The original codes are maintained under this directory: /home/ybtu/FinNLP/
Maintain the directory structure as defined in config.py
. It should properly linked to the collections and indexes on my home directory.
Use retrieve_paragraphs.py
for document retrieval. It supports sparse, dense, and hybrid retrieval models and works with various index types. The script is configurable via command-line arguments, making it versatile for different retrieval needs.
python3 retrieve_paragraphs.py \
--retriever_type dense \
--index_type title \
--prepend_info target_title \
--cik 1045810 \
--target_year 2022 \
--target_item item7 \
--k 10 \
--target_paragraph para5 \
--filter_name year2018_2022 \
--post_filter \
--output_jsonl_results \
--d_encoder facebook/dpr-ctx_encoder-multiset-base \
--q_encoder facebook/dpr-question_encoder-multiset-base
Common Arguments
--retriever_type
: Type of retriever to use (dense
,sparse
,hybrid
)--index_type
: Type of index formatting to use--prepend_info
: Type of information prepended to the target paragraph--cik
: Central Index Key (CIK) of the target company--target_year
: The target year of of financial reports that should be highlighted--target_item
: Specific item in the target financial reports that should be highlighted--k
(optional, default=10): Sets the number of top paragraphs to return--target_paragraph
(optional): Specific paragraph to target. The retriever will process all the paragraph within the target_item if not provided--filter_name
(optional): Specify the index with additional filter--post_filter
(optional): Indicates whether to conduct post filtering to the retrieval results (e.g., exclude the paragraphs from the target company's item7)--output_jsonl_results
(optional): enables the output of retrieval results into JSONL format to review the content of each paragraph
Sparse Retriever Arguments
--k1
: BM25 parameter k1 (default=1.5), used for adjusting document-term relevance--b
: BM25 parameter b (default=0.9), used for length normalization
Dense Retriever Arguments
--d_encoder
: Specifies the path to the document encoder checkpoint--q_encoder
: Specifies the path to the query encoder checkpoint
Hybrid Retriever Arguments
When utilizing the hybrid retriever, user should configure both the dense and sparse components. Users should specify the appropriate settings for the dense retriever, as previously detailed, and may also customize the sparse retriever settings if they wish to deviate from the defaults.
--sparse_index_type
(optional, default="multi_fields"): Specifies the path to the document encoder checkpoint--sparse_filter_name
(optional): Filter name for the sparse index in the hybrid retriever. If not specified, it will use the same filter as the dense retriever--weight_on_dense
(optional, default=False): Indicates whether to apply weights to the dense retrieval results--alpha
(optional, default=0.1): Weight for blending results in the hybrid retriever.
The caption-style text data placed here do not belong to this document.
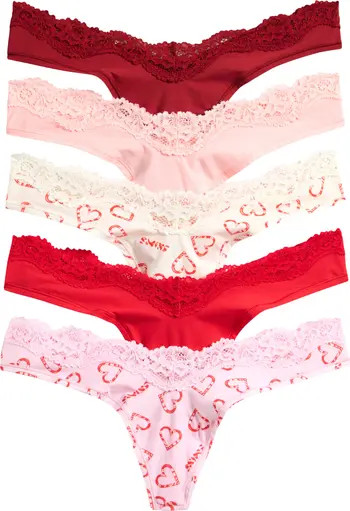 5-Pack Fits Everybody Lace Dipped Thong | Nordstrom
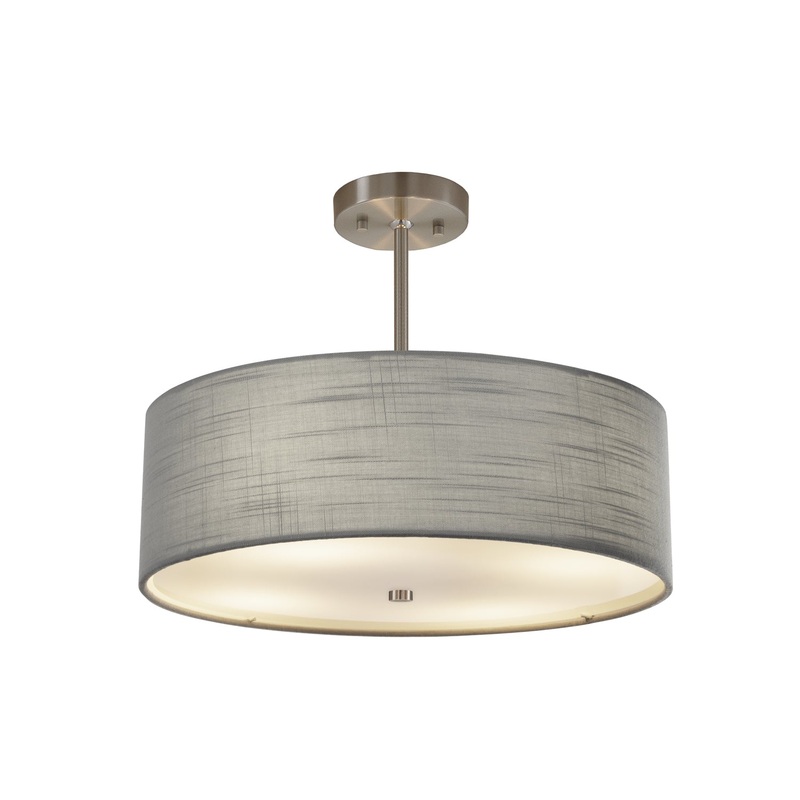 Three Light Pendant from the Classic Collection in Brushed Nickel Finish by Justice Designs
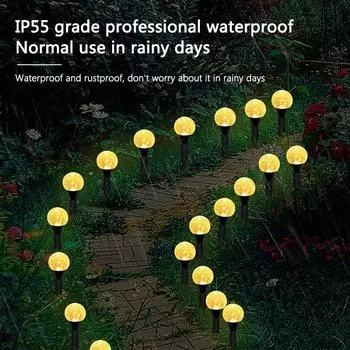 Светодиодные солнечные гирлянды для уличного сада, водонепроницаемая лампа для газона, дорожка, шип, светильник для дома, сада, полая декоративная лампа 10 lights жёлтый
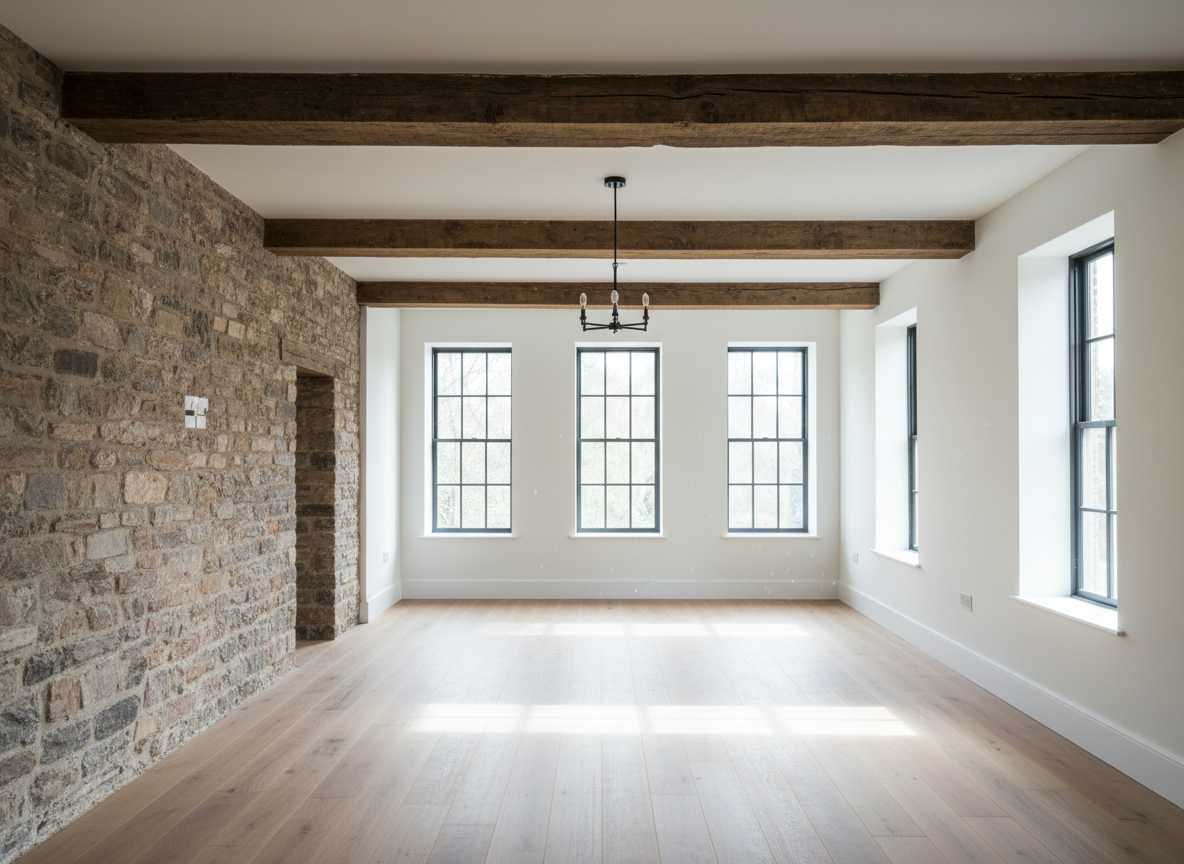 Beautifully renovated period home interior with restored beams and fresh finishes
The retrieval results are stored under /home/ybtu/FinNLP/retrieval_results_trec
.
The results are categorized into various subdirectories, each following a specific naming convention to reflect the filtering criteria and data categorization:
- CIK with Target Year: It represents where the target paragraphs come from
- Format:
[cik]_[target_year]
- Example:
200406_2020
- In this examples, all the retrieval results under this directory are from 200406's 2020 financial report.
- Index_type and Filtering Criteria:
- Format:
[index_type]-[filter_name]
- Example:
title-year2018_2020
- Breakdown:
index_type
: Indicates how the corpus that was indexed was formatted. (Refer to the corpus preprocessing section)filter_name
: The filtering criteria I have applied to construct the index.
- Each file is named to represent the id of the target paragraph.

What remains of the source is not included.